Ben Blackledge, WorldSkills UK Deputy CEO said:

“It is good to see people and skills at the heart of the Government’s plans to rebuild our economy. We know from benchmarking the UK’s skills with other countries that we are not as competitive as we should be.

“Industries are changing rapidly and, as the Chancellor highlighted today, we are already falling behind other countries in developing the skills that we need. We have to build a system that keeps pace, rewards innovation and is ready for the challenges of tomorrow.

Our research into skills gaps found that 60% of firms expect their reliance on advanced digital skills to increase by 2026, while 41% said advanced digital skills help them innovate, improve productivity and grow their business.

“We welcome plans to boost business investment in training so employers and inward investors can access the skills they will need to innovate and grow, and so young people can access the training they need to thrive.

“As the international arm of the UK skills sector, WorldSkills UK is bringing our unique knowledge of world-class standards and international best practice to support the development and promotion of a UK skills system that is truly world-class.

“Our Skills Taskforce for Global Britain is convinced that a responsive skills system is particularly important in attracting inward investment and being internationally competitive. Next month the taskforce will set out how the UK must develop a world-class skills economy needed to drive thriving sectors such as tech, advanced manufacturing and life sciences.”

Mary Pooley, NCFE Director of Strategy, Policy and Insight:

“The impact of COVID, the ongoing situation in Ukraine and the current energy crisis means that people in the UK are set to face a challenging period. We welcome the measures the Government have put in place to support levelling up and greater investment in skills, and we encourage people to take full advantage of the wide array of options available for retraining and upskilling. A central tenet of the Levelling Up White Paper’s ambitions was to use education as a lever to create prosperity. We support this mission and believe that skills and technical education are an essential mechanism to achieve increased prosperity.

 “The Apprenticeship Levy is a critical part of the Apprenticeship system, and for some time NCFE has called for reform. Since its creation, there have been fewer apprenticeship opportunities for 16–18-year-olds, and this issue needs to be addressed.

 “Apprenticeships are perfect to bridge the gap between education and employment, and it’s pivotal that they are used to open doors for those who might not otherwise have access to opportunities with the potential to change lives. As part of the Government’s review, they should consider implementing a ringfenced, government funded budget for this age group, to ensure that there is a viable apprenticeship route available alongside A Levels and T Levels”

Anthony Painter, Director of Policy at the Chartered Management Institute said:

“The Chancellor’s argument for investment in People, Capital and Ideas is important, and we support his review into the operation of the Apprenticeship Levy. Helping SMEs and others access all-levels, all-age training provision is vital to their growth. Going forwards, further tax and other financial  incentives for businesses and employees will be needed to support high-quality, productivity-enhancing training provision, in the skills the country will need for the future.
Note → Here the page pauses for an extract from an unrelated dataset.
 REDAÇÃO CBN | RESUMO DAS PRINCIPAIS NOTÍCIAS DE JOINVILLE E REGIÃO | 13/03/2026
We also look forward to exploring how the Government’s various skills and training policies, like the Lifelong Loan Entitlement, will be coordinated to deliver impact greater than the sum of their parts.

“In the Plan for Growth, the Innovation Strategy, the Net Zero strategy and the Levelling Up White Paper, this Government has highlighted the key contribution that management and leadership skills make to the economy, society and the environment, through encouraging innovative practices, spreading technical skills throughout the workforce, boosting tech adoption, and addressing inequality between places. Because of the centrality of future managers to seeing these agendas bloom, CMI believes that now is the time for the Government to consider a new cross-governmental, whole UK approach to developing the UK’s leadership and management capability. Such a strategy would underpin the ‘people’ element of the long-term plan for innovation and enterprise.”
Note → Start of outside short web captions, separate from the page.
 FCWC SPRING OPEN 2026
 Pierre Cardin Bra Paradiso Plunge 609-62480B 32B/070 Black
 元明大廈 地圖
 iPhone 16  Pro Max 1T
Commenting on the Chancellor’s spring statement, Geoff Barton, General Secretary of the Association of School and College Leaders, said:

“We are disappointed that the Chancellor failed to address the financial pressures facing the education system amidst soaring inflation, and the fact that many experienced teachers and leaders will see the real value of their pay fall under the government’s current pay proposals.
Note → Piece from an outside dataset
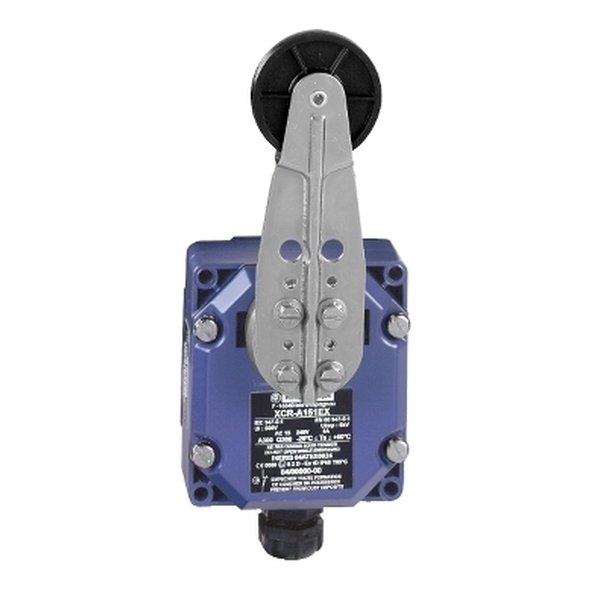 Telemecanique Sensors XCRA121EX Limit switch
“Schools are reporting huge increases in their energy bills and the government expects them to fund pay awards out of these stretched budgets too. We are gravely concerned that they are facing a fresh funding crisis. This is compounded by the inadequacy of the proposed pay award for many staff which comes after a pay freeze and is likely to worsen retention rates.”

Andrew Baldwin, Head of Public Affairs at Association for Project Management (APM), the chartered membership organisation for the project profession, said: 

We welcome the Chancellor’s announcements today recognising the importance of skills development and training. We will wait to see the specifics, but know that much more needs to be done to support project management skills specifically.

“Our research shows that 75% of project professionals feel there needs to be greater professionalisation of project skills in their sector and over a third feel the skills shortage faced by the profession has not improved over the past five years.

“We also call on the government and business leaders to invest in developing not only their dedicated project specialists but also to professionalise the ‘accidental project managers’ who may not identify as project professionals but who are nevertheless delivering projects as part of their role.  Systemic training for all will support more effective delivery of existing and future projects.”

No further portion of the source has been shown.